On Saturday, while Sang was teaching in Salem, I ran down through the college canyon. Well, mostly I walked, especially once I was on the trail and looking around. I became aware of how much I was telling myself stories in my head that I already knew, about what plants were growing near each other, what was in season, what birds were on the water. Sometimes I find it comforting to know all that stuff, feel local, narrate it to some invisible audience in my head. But now I was sick of it and felt a strong desire to learn something new from walking through and watching. Anything new, just something.
The salmonberries were ripe, but the thimbleberries hadn’t turned red yet. A juvenile mallard swimming with its parents was still in its fluffy plumage, but not for long. The turtles were sunning on their usual log; the bee tree was busy.
I continued down across the landbridge and into the lower canyon. As I crossed one of the small footbridges I saw a heron out of the corner of my eye. It was close, a few arms’-lengths away, and standing still. Clearly it did not want to be noticed.

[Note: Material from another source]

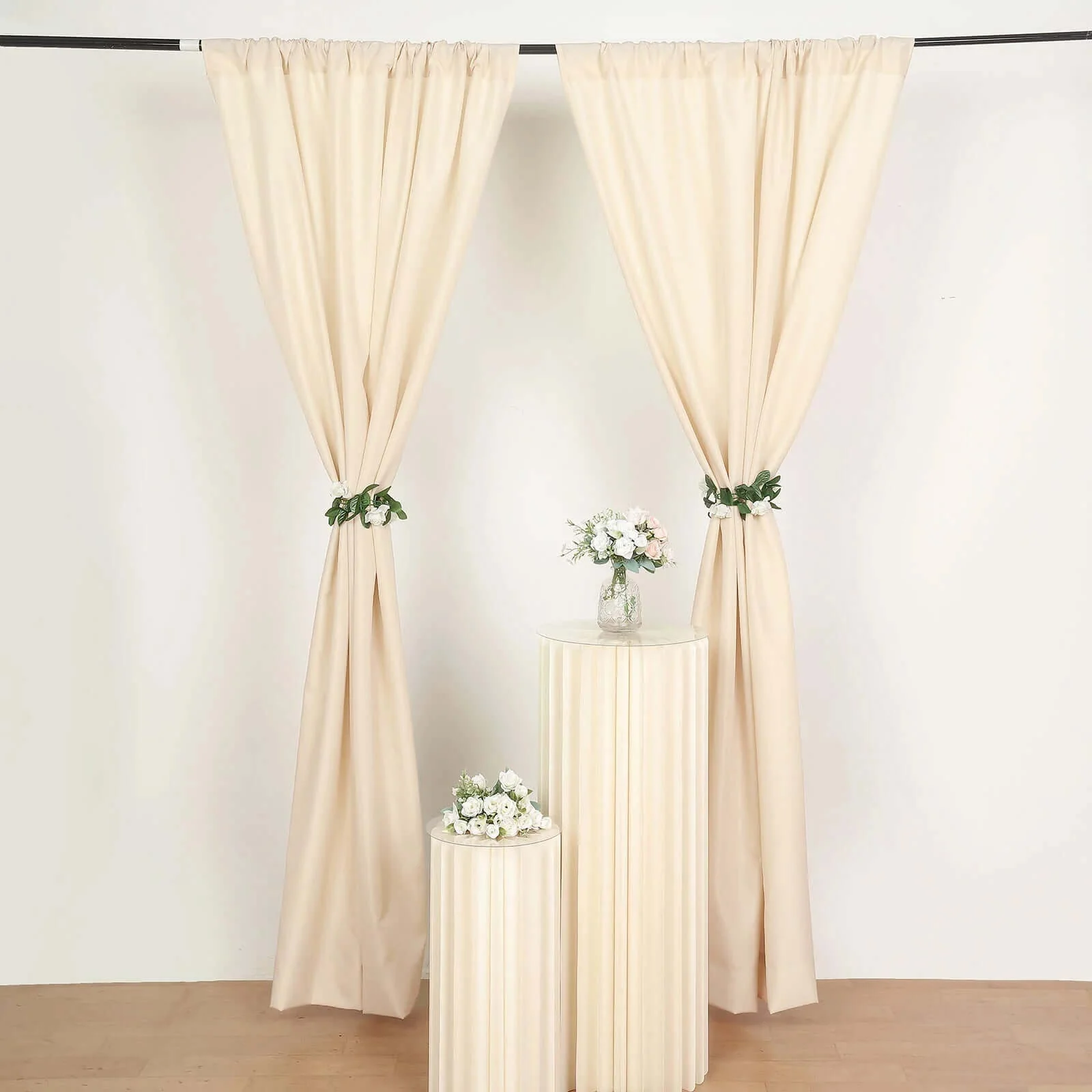 2 Pack 5ftx8ft Beige Polyester Backdrop Drape Curtains With Rod Pockets, Event Divider Panels 130GSM - Image 8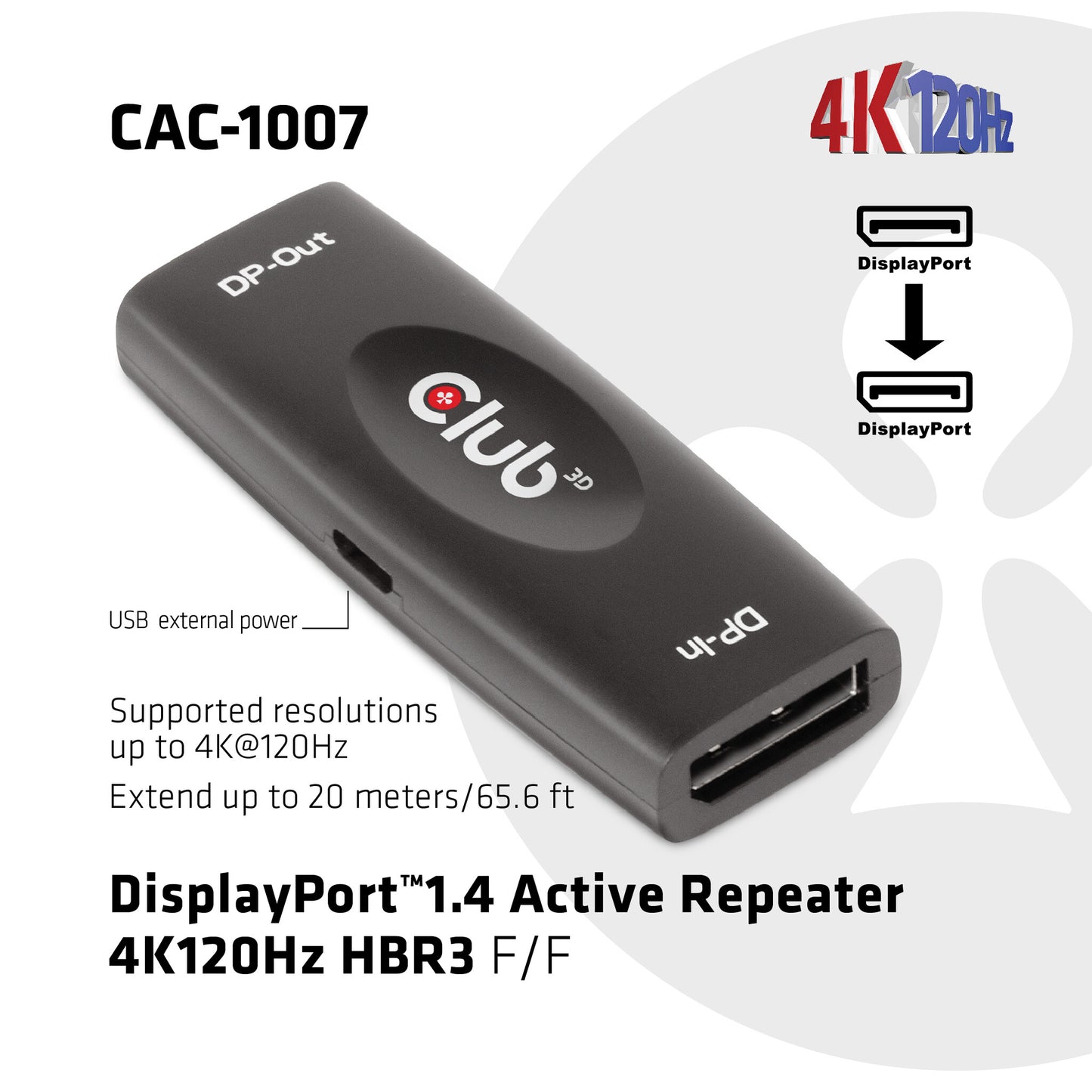CLUB3D DP 1.4 4K120HZ HDR ACTIVE REPEATER F/F displayport Svart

And that seemed to be enough for me– discovering a new heron hangout. I don’t even know if it’s a habitual one, like the spot further up by the peninsula. The itch for something new was scratched. It was even okay to skip the hike on Sunday for the sake of getting the tomatoes, basil, and peppers into the garden before it really was too late, instead of just feeling too late.
When I mentioned the heron to my dad in an email, he wrote back: Great blue heron’s 2nd defense, if not being observed fails, is to stab the attacker’s eyes. We had to wear protective goggles when banding g.b. herons in a nesting colony. Even nestlings know, “go for the eyes.”